Lorsque des groupes se fixent comme objectif non par de gagner de l’argent grâce à leur participation à une entreprise, mais par la destruction systématique de l’entreprise elle-même, les syndicats doivent désigner clairement l’adversaire, l’attirer à la lumière, le contraindre à rendre compte de ses pratiques, ses réseaux, ses objectifs.
Notre ami Philipp Jennings avait tracé le chemin: « Donner une réponse sur le plan syndical, c’est sortir les fonds d’investissement de l’ombre, lancer un débat public, avec les universités, les médias, les gouvernements. Mettre de la lumière dans l’ombre. Grâce à UNI, on a plus parlé de ces fonds d’investissement dans les six derniers mois que dans les cinq dernières années. C’est un premier succès, mais il est insuffisant.
Nous devons poursuivre le combat et nous interroger sur notre responsabilité et nos moyens d’action syndicaux. Ces fonds sont alimentés par les caisses de pension, par l’argent des travailleurs. Nous avons un bras de levier extraordinaire pour les discipliner. Les syndicats, et le nôtre également, doivent réfléchir sérieusement aux pratiques de placement des caisses de pension dont ils portent paritairement la responsabilité. Il ne suffit pas de poser quelques principes sur la sécurité des placements, d’exclure le marché des armes et quelques secteurs particulièrement amoraux. Il faut élargir la réflexion et utiliser le capital des salariés pour défendre les salariés.
Et il faut réfléchir sur le plan législatif. Bien sûr, me dira-t-on, mais comment légiférer sur le plan national face à des acteurs globaux ? Des acteurs qui fondent sur une entreprise comme un nuage de criquets avant de repartir vers d’autres cieux et d’abandonner leur proie exsangue. Mais la Suisse doit être prudente : nos entreprises sont une cible facile pour ces gangsters du capitalisme : peu de protection contre les offres publiques d’achat, même hostiles, aucune limite aux manœuvres financières même les plus scabreuses, une protection de salarié-e-s pratiquement inexistante sur le plan légal.
Swisscom en point de mire
A considérer les évolutions les plus récentes du monde des télécoms – terrain de jeu favori du private equity – la question de la privatisation ou non de Swisscom acquiert une dimension nouvelle. Il ne s’agit pas uniquement d’empêcher la cession par la Confédération de sa participation majoritaire afin de préserver le service universel.
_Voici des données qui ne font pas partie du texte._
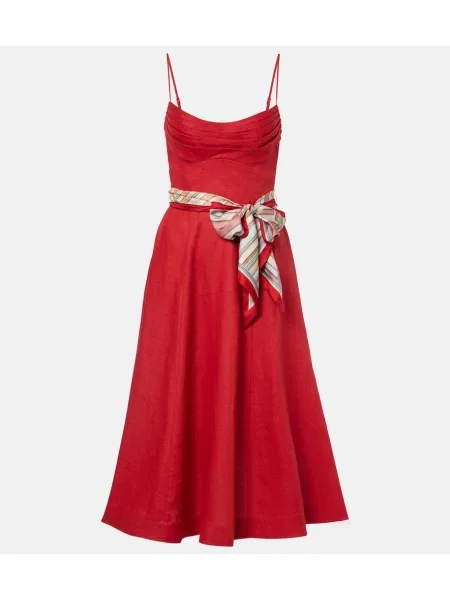 Rochie midi Zimmermann de in până la genunchi de costum roșu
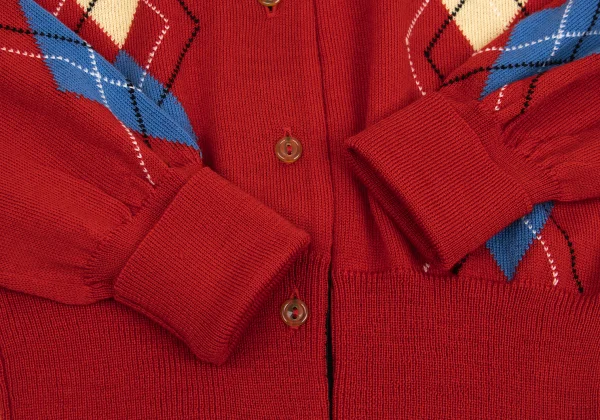 Unbranded Argyle Knit Cardigan K-161520_008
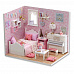 Набор для создания миниатюры "Комната маленькой принцессы", со светом
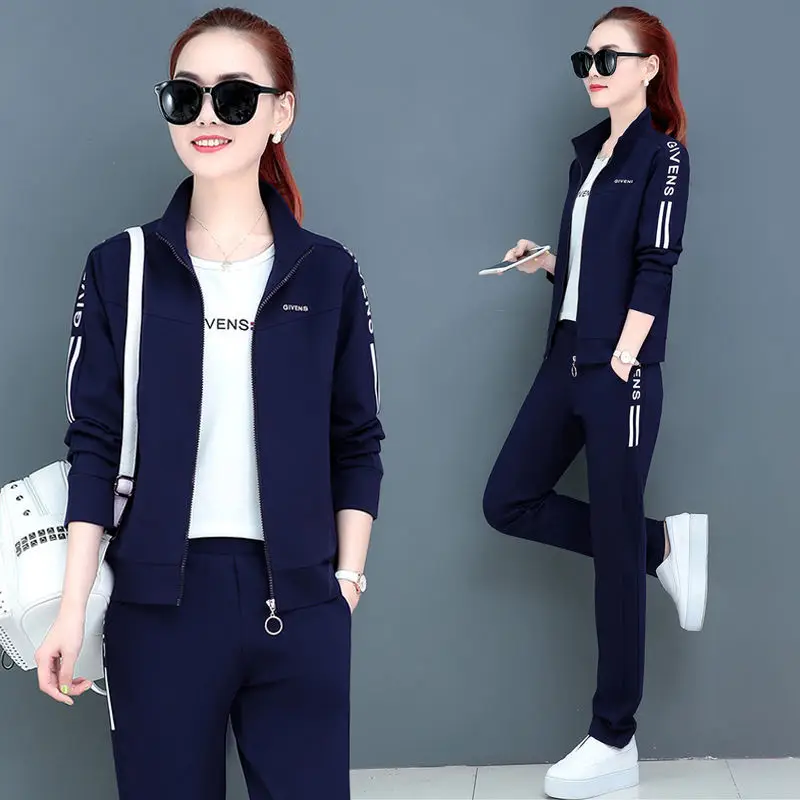 Women's Maroon Cotton Track Suit 2023 Spring Autumn Loose Fit Large - Image 3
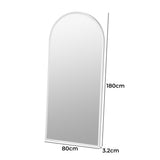 Yezi Floor Mirror Full Length Mirrors 1.8M White-1910112986803081218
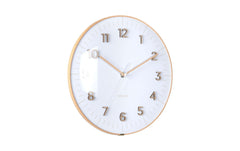 KARLSSON | Wanduhr Esencia Dome | 30 cm, White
Mais il s’agit aussi d’empêcher l’entreprise d’aboutir un jour dans le portefeuille de ces gangsters financiers, d’empêcher qu’elle ne soit contrainte de rembourser les dettes contractées par ses nouveaux propriétaires, d’empêcher qu’elle soit limitée dans ses possibilités d’investissement, d’empêcher que les salarié-e-s du groupe ne soit purement et simplement sacrifié-e-s.
Ce combat contre la privatisation de Swisscom ne résoudra évidemment pas la question des fonds d’investissement sur le plan global. Mais il met nos membres à l’abri – au moins partiellement – des folies que nous devons constater autour de nous. Il est déterminant, structurant, essentiel pour notre syndicat. Le Conseil fédéral entend revenir à la charge sitôt passé-e-s les élections fédérales. Nous devons l’en empêcher, mobiliser toutes nos ressources pour maintenir au parlement et dans la population la volonté de conserver notre participation majoritaire.
Nos prédécesseurs ne se sont pas battus, dans des conditions matérielles autrement plus difficiles que les nôtres, pour que nos libertés soient confisquées par les Blackstone de ce monde.